Крах СССР поставил «Европу правительств» в крайне неудобное положение. На волне общеевропейской эйфории еврократам удалось произвести ряд стратегический прорывов в области объединения субконтинента в единое целое. В умах европейцев начал вырисовываться закономерный вопрос: нужны ли им дорогостоящие и неэффективные национальные правительства, с их непонятной и непредсказуемой политикой.

При этом главным аргументом в пользу их существования всегда были внутриевропейские конфликты. Мир без границ и таможен хорош ровно до того времени, пока по ту сторону границы так же хорошо, сытно и спокойно, как и по эту. Как только мимо полосатого столба, отделяющего государство А от государства Б, хлынут какие-нибудь оборванные и завшивленные беженцы, нуждающиеся в крыше над головой, еде и работе, а за неимением последней пробавляющиеся грабежом и торговлей наркотиками, у жителей государства Б тут же возникает естественное желание перегородить дорогу колючей проволокой, с КПП и солдатами.

Здесь мы, наконец, подошли к теме статьи. А именно: почему европейские правительства, несмотря на явное недовольство своих собственных граждан, приняли горячее участие (а возможно, и инициировали) войну в Европе. Ответ очевиден: эта маленькая война является всего лишь одним из эпизодов в затяжном конфликте между еврократией и «Европой правительств».

Из этого следует ряд выводов. Так, возможно, что в самое ближайшее время возникнет проблема «албанских беженцев», которые под предлогом бегства от геноцида ринутся в Европу.
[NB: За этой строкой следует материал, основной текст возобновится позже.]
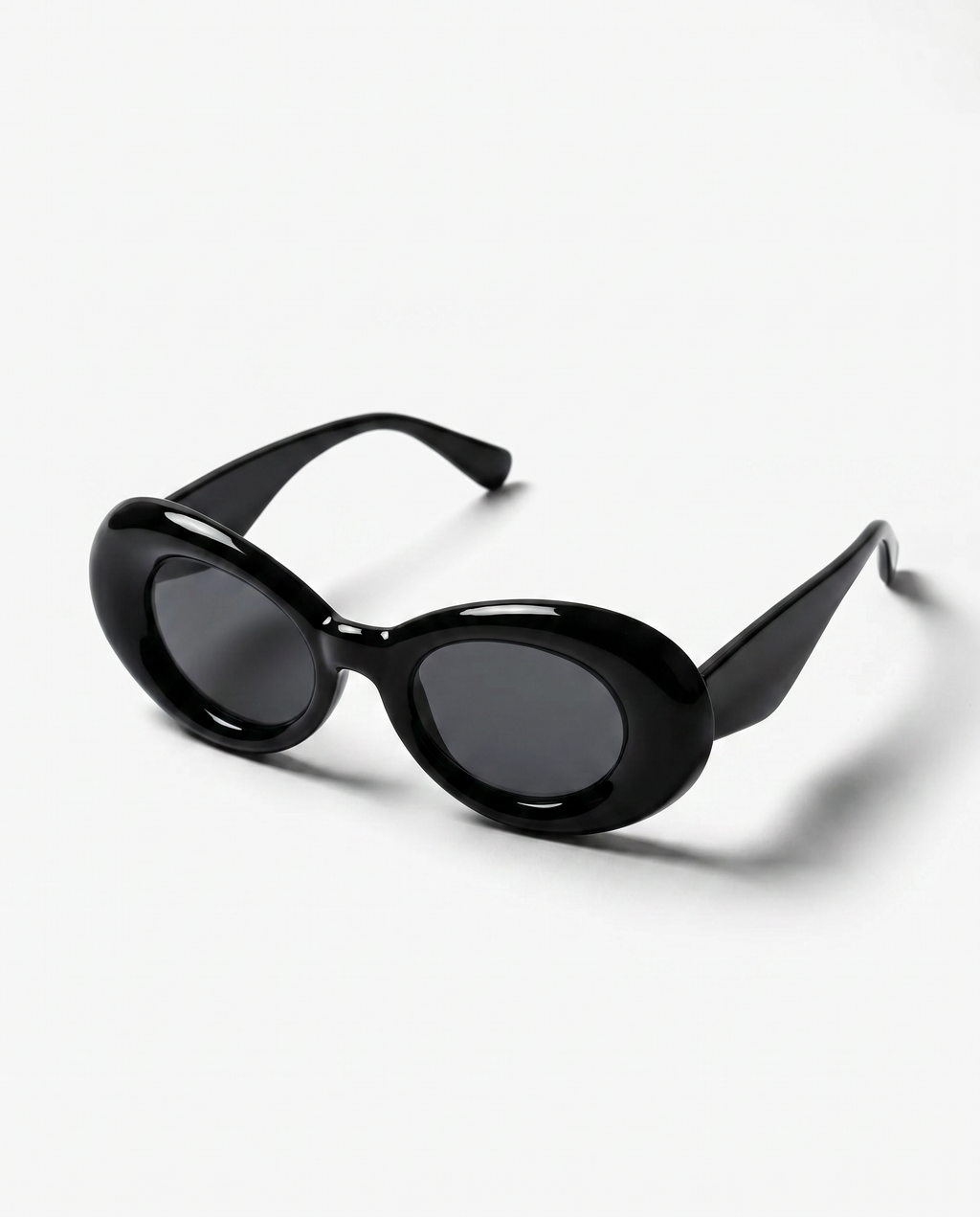 Nevermind Puff Sunglasses in Black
Тут же встанет вопрос о квотах приема беженцев, о несении бремени расходов на их содержание, об их правах, в том числе и о праве свободного перемещения по территории Европы, и т. п. Второй проблемой должен стать сербский терроризм (или постоянная угроза такового), что повлечет за собой повышенные меры безопасности, а межгосударственные границы перестанут считаться чистой условностью. Третьей проблемой станет резкое усиление влияния США как естественного союзника «Европы правительств» на европейские дела. Кроме того, возможен раскол общественного мнения по вопросу ведения военных действий, и, соответственно, ослабление морального единства европейцев.

Наконец, последнее и самое важное обстоятельство. НАТО (то есть «Европа правительств» плюс США) отнюдь не заинтересовано в быстрой и эффектной победе над сербами. Если Милошевич пойдет на попятную и согласится отдать Косово албанцам, найдется другой предлог, чтобы продолжить бомбардировки. Война должна продлиться известное время, чтобы стать проблемой для европейцев и послужить эффективным тормозом для интеграционных процессов. Напротив, транснациональная еврократия заинтересована в скорейшем окончании войны — неважно, на каких условиях (будь то капитуляция Милошевича, или, наоборот, албанцев) и быстром «умиротворении» Европы.

При этом в интересах России не столько победа одной из сторон, сколько углубление конфликта между ними. Наше пространство маневра примерно равно разнице в интересах еврократии, с одной стороны, и Атлантического союза, с другой. В общем, «помощь сербам» означает игру на стороне «Европы правительство» (поскольку затягивает войну), а «борьба за мир» и «участие в переговорном процессе» — игра на стороне еврократии. В интересах России сочетать и то, и другое — то есть сочетать поддержку сербов с различными мирными инициативами, привлекательными для европейского общественного мнения.

Примечания[править | править код]

  1. Режим Милошевича весьма непопулярен в Югославии. В идейно-пропагандистском плане его отчасти выручает то обстоятельство, что югославская оппозиция (созданная в свое время по стандартной схеме восточноевропейского «демократического диссидентского движения») чересчур откровенно играет роль пятой колонны Запада — что в условиях прямой агрессии последнего позволяет считать «инакомыслящих» обычными коллаборационистами.
  2. Здесь не время и не место обсуждать причины европейской «воли к разделению». Следует, однако, заметить, что именно она вызвала к жизни знаменитый европейский индивидуализм, являющийся, по сути дела, проекцией культурно-государственного устройства общества.
  3. В частности, выпущен «общеевропейский учебник истории» для детей. Это весьма любопытная книга. Например, в ней почти ничего не сказано о Жанне Д’Арк, зато очень много внимания уделяется таким фигурам, как Карл Великий.